The one thing I wasn't ready for him to be so independent about was sleeping in his "big boy" bed. A few weeks ago my mom came out and helped us get the nursery ready for the new baby and transition Kash's room into a big boy room.
I kept dreading Kash sleeping in a bed where he could get out and do anything but sleep, and that's as far as my thoughts took me. I was eager to have my mom there and the extra motivation she would provide to get those two rooms put together. What I wasn't expecting is to be sitting on Kash's floor putting his bed together and look over at my "big boy" and realize he wasn't a baby anymore...and to start bawling. My mom came back in the room and I tried to hide my emotions but Kash told grandma Shelley that I was sad, thanks ya little nark! ha. The rest of the day I couldn't handle the emotions that came over me. I was folding Kash's freshly washed 0-3 month clothes and hanging them in the baby's room when again the tears just kept coming. I remembered the first time Kash wore each outfit. I remembered how small and sweet he was and how much he depended on me. I thought about how I can never go back to that newborn stage, it was just gone forever. I remembered how our whole life changed once we brought that little baby boy home...how the first night was hard, how he was such a good sleeper, how he didn't have hardly any hair, how fat he was, how he hated his swing but loved his bouncer, how I was scared to death to be a mom but somehow it was so easy to love that little baby. And there he sat in the other room with a screwdriver in his hand helping Grandma Shelley with his big boy room.

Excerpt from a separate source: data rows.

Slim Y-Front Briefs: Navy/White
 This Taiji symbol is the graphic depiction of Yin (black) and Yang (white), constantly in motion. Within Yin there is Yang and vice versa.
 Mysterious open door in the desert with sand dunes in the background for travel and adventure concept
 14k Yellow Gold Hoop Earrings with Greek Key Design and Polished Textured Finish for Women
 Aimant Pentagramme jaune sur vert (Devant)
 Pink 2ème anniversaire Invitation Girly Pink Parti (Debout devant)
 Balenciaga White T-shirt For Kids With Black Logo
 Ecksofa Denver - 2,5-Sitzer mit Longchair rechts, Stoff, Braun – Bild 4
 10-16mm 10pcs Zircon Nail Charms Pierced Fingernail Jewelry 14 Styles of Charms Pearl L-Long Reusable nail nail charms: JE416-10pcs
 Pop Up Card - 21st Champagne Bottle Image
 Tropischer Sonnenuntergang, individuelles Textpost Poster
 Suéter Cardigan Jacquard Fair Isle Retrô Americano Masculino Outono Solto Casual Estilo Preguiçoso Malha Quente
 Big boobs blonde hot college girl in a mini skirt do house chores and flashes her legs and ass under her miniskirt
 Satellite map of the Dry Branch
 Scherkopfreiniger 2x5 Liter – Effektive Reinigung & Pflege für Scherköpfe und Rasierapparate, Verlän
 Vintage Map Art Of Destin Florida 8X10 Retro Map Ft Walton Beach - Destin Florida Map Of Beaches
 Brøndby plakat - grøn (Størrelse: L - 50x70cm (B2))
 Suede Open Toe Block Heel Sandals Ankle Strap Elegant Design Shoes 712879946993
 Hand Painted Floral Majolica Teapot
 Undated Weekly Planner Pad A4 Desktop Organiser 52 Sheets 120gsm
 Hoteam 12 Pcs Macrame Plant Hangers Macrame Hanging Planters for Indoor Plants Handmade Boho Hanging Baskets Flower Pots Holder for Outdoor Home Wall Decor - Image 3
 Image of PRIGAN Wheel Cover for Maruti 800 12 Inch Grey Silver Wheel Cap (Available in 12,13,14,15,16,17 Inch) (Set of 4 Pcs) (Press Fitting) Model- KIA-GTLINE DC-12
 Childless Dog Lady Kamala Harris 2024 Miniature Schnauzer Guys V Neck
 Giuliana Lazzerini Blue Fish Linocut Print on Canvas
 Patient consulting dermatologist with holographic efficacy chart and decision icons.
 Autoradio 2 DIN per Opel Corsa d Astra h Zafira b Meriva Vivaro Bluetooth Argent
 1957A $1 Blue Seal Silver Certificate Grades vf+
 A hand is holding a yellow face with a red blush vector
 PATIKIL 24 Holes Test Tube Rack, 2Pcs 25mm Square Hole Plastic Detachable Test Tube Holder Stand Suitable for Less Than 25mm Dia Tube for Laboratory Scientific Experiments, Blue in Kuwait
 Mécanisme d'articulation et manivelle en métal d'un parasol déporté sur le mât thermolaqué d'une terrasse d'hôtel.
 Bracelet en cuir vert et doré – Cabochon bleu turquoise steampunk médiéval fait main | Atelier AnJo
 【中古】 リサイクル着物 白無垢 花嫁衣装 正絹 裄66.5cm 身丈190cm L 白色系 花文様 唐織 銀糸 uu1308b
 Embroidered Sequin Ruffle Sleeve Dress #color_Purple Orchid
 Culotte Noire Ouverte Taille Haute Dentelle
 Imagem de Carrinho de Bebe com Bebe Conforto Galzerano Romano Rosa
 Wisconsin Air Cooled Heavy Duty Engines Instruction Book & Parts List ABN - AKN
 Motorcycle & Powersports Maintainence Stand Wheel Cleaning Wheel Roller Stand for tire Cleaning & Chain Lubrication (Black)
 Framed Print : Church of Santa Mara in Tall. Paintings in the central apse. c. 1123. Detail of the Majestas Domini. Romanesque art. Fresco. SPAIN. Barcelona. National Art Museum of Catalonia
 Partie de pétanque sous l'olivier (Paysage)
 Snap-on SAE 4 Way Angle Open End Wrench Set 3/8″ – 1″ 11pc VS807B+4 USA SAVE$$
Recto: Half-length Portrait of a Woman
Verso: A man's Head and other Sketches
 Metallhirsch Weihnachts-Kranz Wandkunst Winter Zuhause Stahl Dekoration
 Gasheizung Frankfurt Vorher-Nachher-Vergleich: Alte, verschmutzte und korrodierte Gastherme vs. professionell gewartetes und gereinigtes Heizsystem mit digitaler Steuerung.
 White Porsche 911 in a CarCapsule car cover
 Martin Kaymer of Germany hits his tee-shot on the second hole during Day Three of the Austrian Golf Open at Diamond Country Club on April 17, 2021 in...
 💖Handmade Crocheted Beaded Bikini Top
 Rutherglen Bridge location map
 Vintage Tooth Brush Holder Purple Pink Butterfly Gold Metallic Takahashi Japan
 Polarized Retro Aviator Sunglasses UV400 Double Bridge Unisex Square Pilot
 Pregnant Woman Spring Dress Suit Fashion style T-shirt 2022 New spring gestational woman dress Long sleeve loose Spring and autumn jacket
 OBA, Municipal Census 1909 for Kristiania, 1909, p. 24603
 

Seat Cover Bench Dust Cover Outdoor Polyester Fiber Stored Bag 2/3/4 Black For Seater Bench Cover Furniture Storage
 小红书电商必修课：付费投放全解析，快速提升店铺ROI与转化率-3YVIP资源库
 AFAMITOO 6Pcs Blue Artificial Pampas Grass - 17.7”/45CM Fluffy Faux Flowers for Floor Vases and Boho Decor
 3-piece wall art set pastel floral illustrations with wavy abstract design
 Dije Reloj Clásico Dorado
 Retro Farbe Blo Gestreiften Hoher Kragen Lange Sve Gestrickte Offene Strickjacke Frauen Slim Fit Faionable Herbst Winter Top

And you know what made things ten times harder...Kash had NO problem sleeping in his new bed. He climbed right in at night and that was it, no looking back for him. He takes naps great in there and sleeps just like he was sleeping in his crib. Turns out transitions are just hard on this little momma because Blaine could have cared less as well. Oh life with all boys...
The next day I walked into the new nursery and saw all of the baby clothes hanging in the closet, the rocker ready for late night feedings and the swing (useless I'm sure) ready to rock a newborn. And it got me excited. I liked the idea of being able to start over, maybe do some things different, but mostly enjoy every minute of that newborn stage, my favorite.
Anyone else have such a hard time giving your old baby's things to your new baby or am I just ridiculously over emotional?